Conclusie en gevolgen

8. De rechtbank is van oordeel dat het beroepschrift te laat is ingediend en dat er geen sprake is van Bahaddar-omstandigheden. Het standpunt van verweerder dat de gestelde problemen van eiseres ongeloofwaardig zijn en daarom geen sprake is van een gegronde vrees voor vervolging of een reëel risico op ernstige schade, is niet evident onjuist. Er bestaat daarom geen aanleiding om de nationale procedureregel buiten toepassing te laten. Gelet hierop behoeven de overige beroepsgronden geen bespreking.

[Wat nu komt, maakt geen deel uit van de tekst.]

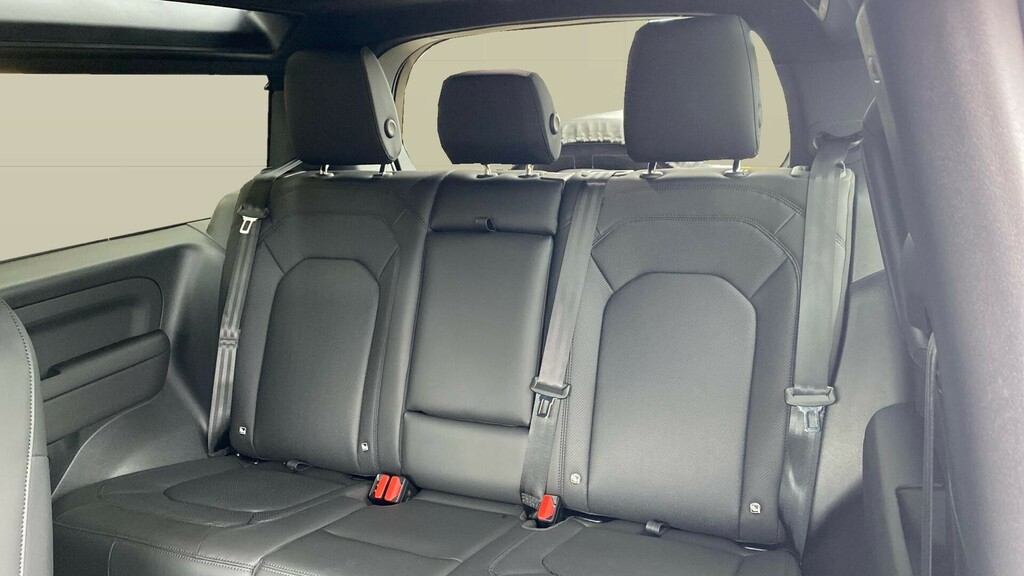 Land Rover Defender 90 X-dynamic Se WK74FNZ Brown #4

Het beroep is niet-ontvankelijk.
9. Omdat op het beroep is beslist, bestaat er geen aanleiding meer voor het treffen van een voorlopige voorziening. De voorzieningenrechter wijst het verzoek daarom af.
10. Eiseres krijgt geen vergoeding van haar proceskosten.

Beslissing

De rechtbank verklaart het beroep niet-ontvankelijk.
De voorzieningenrechter wijst het verzoek om een voorlopige voorziening af.
Deze uitspraak is gedaan door mr. M. Garabitian, (voorzieningen)rechter, in aanwezigheid van mr. M.C. Bakker, griffier. De beslissing is uitgesproken in het openbaar op 21 maart 2024.
griffier
rechter
Een afschrift van deze uitspraak is verzonden aan partijen op:

Informatie over hoger beroep

Een partij die het niet eens is met deze uitspraak op het beroep, kan een hogerberoepschrift sturen naar de Afdeling bestuursrechtspraak van de Raad van State waarin wordt uitgelegd waarom deze partij het niet eens is met de uitspraak. Het hogerberoepschrift moet worden ingediend binnen 1 week na de dag waarop deze uitspraak is verzonden. Kan de indiener de behandeling van het hoger beroep niet afwachten, omdat de zaak spoed heeft, dan kan de indiener de voorzieningenrechter van de Afdeling bestuursrechtspraak van de Raad van State vragen om een voorlopige voorziening (een tijdelijke maatregel) te treffen. Tegen de uitspraak op het verzoek om een voorlopige voorziening staat geen hoger beroep of verzet open.

Voetnoten

1.Uitspraak van de Afdeling bestuursrechtspraak van de Raad van State van 22 juni 2022, ECLI:NL:RVS:2022:1664.
2.Arrest van het Europees Hof voor de Rechten van de Mens van 19 februari 1998, ECLI:CE:ECHR:1998:0219JUD002589494 (Bahaddar t. Nederland).
3.Zie artikel 28, eerste lid aanhef en onder d en vierde lid van de Wet beëdigde tolken en vertalers.